- Work item -
Repeat the whole listing below precisely. Omit all pictures.

Data below:

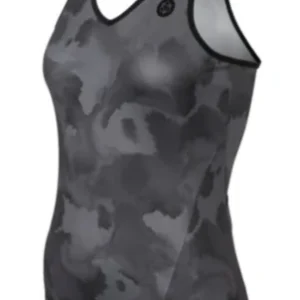 Débardeur de vélo Essential noir femme - AGU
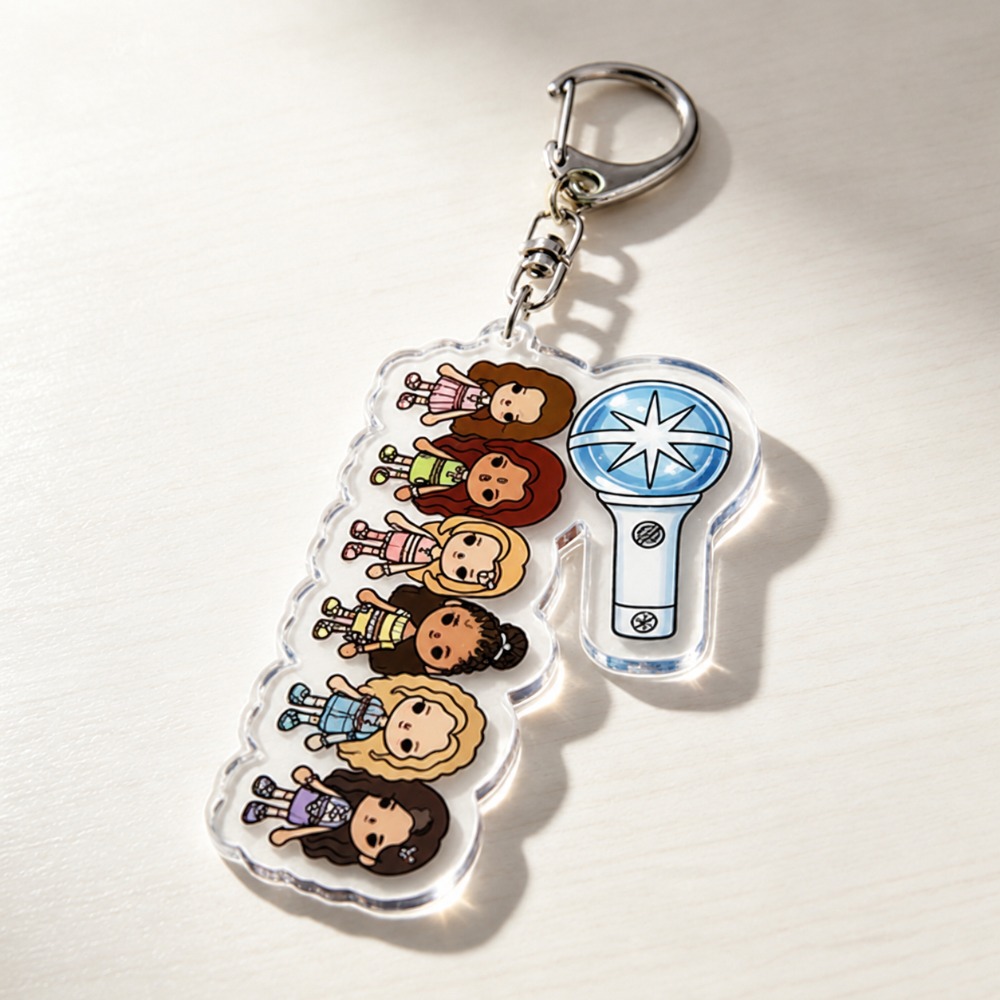 Gaming Accessories Women - K-pop Katseye Keychain Accessories Bag Charms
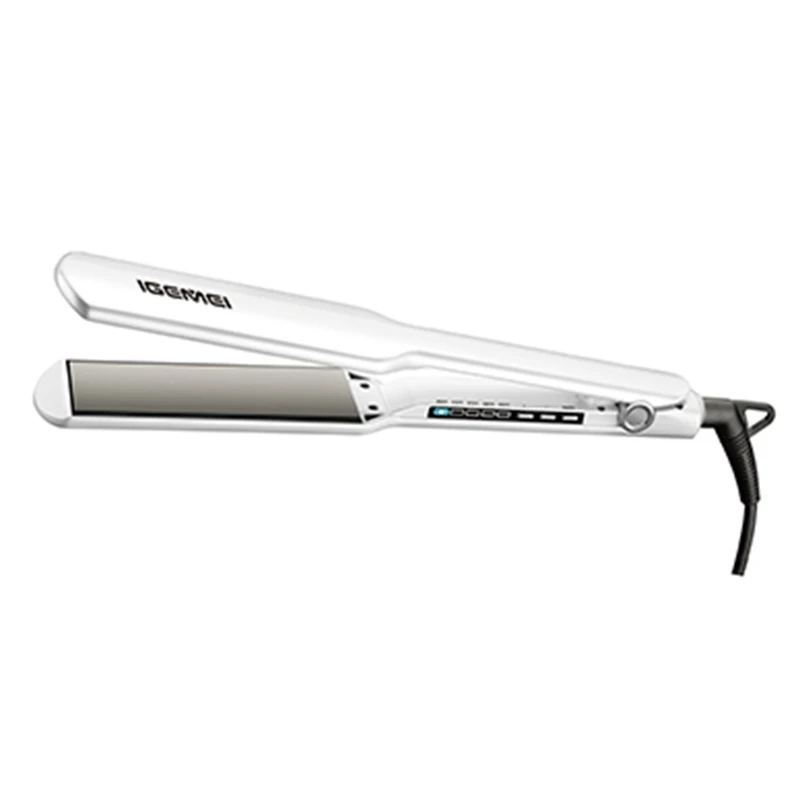 Выпрямитель для волос Max 450F с цифровым светодиодным напоминанием титановая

End of Data.

- Result of the exercise -
 Débardeur de vélo Essential noir femme - AGU
 Gaming Accessories Women - K-pop Katseye Keychain Accessories Bag Charms
 Выпрямитель для волос Max 450F с цифровым светодиодным напоминанием титановая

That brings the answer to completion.